|Posted by dr.ron45 on October 8, 2012 at 12:45 AM|
Professor Yamaguchi of the Doshisha Business School in Kyoto, Japan, became fascinated with the Federal Reserve System about 10 years ago upon reading two historical books, (1) The Creature from Jekyll Island - A Second Look at the Federal Reserve by Edward G. Griffin, and (2) The Lost Science of Money: The Mythology of Money - the Story of Power by Stephen Zarlenga. He had studied the System Dynamics mode of modeling dynamic systems at MIT where Jay Forrester had shown how such models could be developed and used with great benefit for Industrial Systems commonly encountered particularly in manufacturing industry. He learned the Vensim software for developing and analysing dynamic models with simulation and optimization procedures, and embarked on a project to show how Vensim modeling could be used to great advantage for the understanding of macroeconomic models for alternate economic systems. This develdopment is described in his draft book (see Yamaguchi links page) that is freely available for download and study. He became acquainted with Stephen Zarlenga and prepared three important papers analyzing the American Monetary Act proposal for restructuring the monetary system (most recently known as H.R. 2990). The first (in 2010) dealt with the Liquidation of Government Debt; the second (in 2011) dealt with the Workings of a Public Money System; and the third (in 2012) dealt with the Monetary and Financial Stability under A Public Money System. Roughly speaking, his bottom line is that Public Money Systems CAN be run without inflation, and they perform better than debt-money systems in almost any respect that you can think of. They will support higher levels of employment and real output, they can achieve and maintain a zero national debt indefinitely, and do so with much smaller "business cycle" swings than the boom-and-bust debt money systems. More information is provided on the Yamaguchi links page.

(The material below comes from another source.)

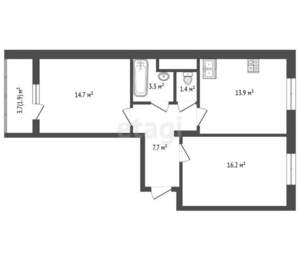 2-к квартира, вторичка, 57м2, 8/19 этаж
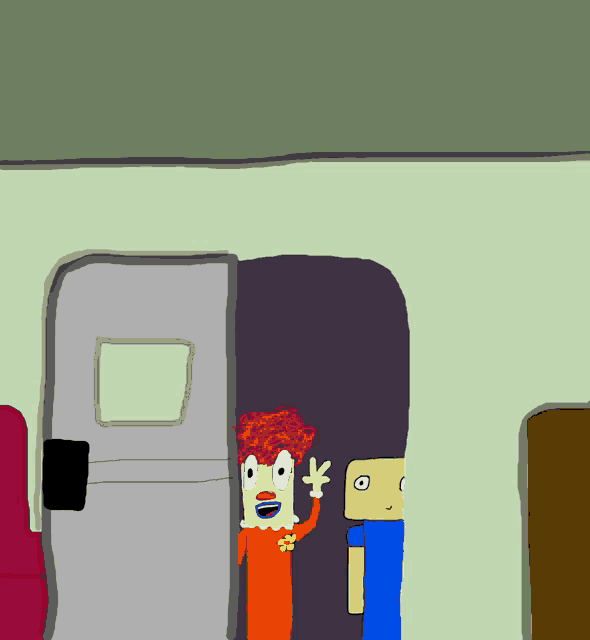 a cartoon drawing of a clown and a man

We hope to next look at the dynamics of the transition from a debt-based money system to a public money system by interposing an intermediate stage in which there is a hybrid system in which public (debt-free) money is issued in parallel with bank (debt-based) money. Since government money can be issued without any change to the federal reserve system (other than its subordination to a new Monetary Authority), the legislation for this purpose (such as the Greenback Renewal Act linked on the home page) can be much simpler and less controversial. The research objective is now to show that a hybrid system can be managed in a stable fashion to bring deficits, unemployment, and national debt down at the same time without producing inflation. Development of specific strategies with specific timetables that can be codified into public law is all part of the research that we are engaged in at this time. I will attempt to confirm Professor Yamaguchi's results by running similar models in the MATALB/SIMULINK environment provided by MathWorks, Inc. We should be able to enhance both our models by comparing results and trying to understand any output differences. We should have positive results by next July when the System Dynamics Society holds its next meeting.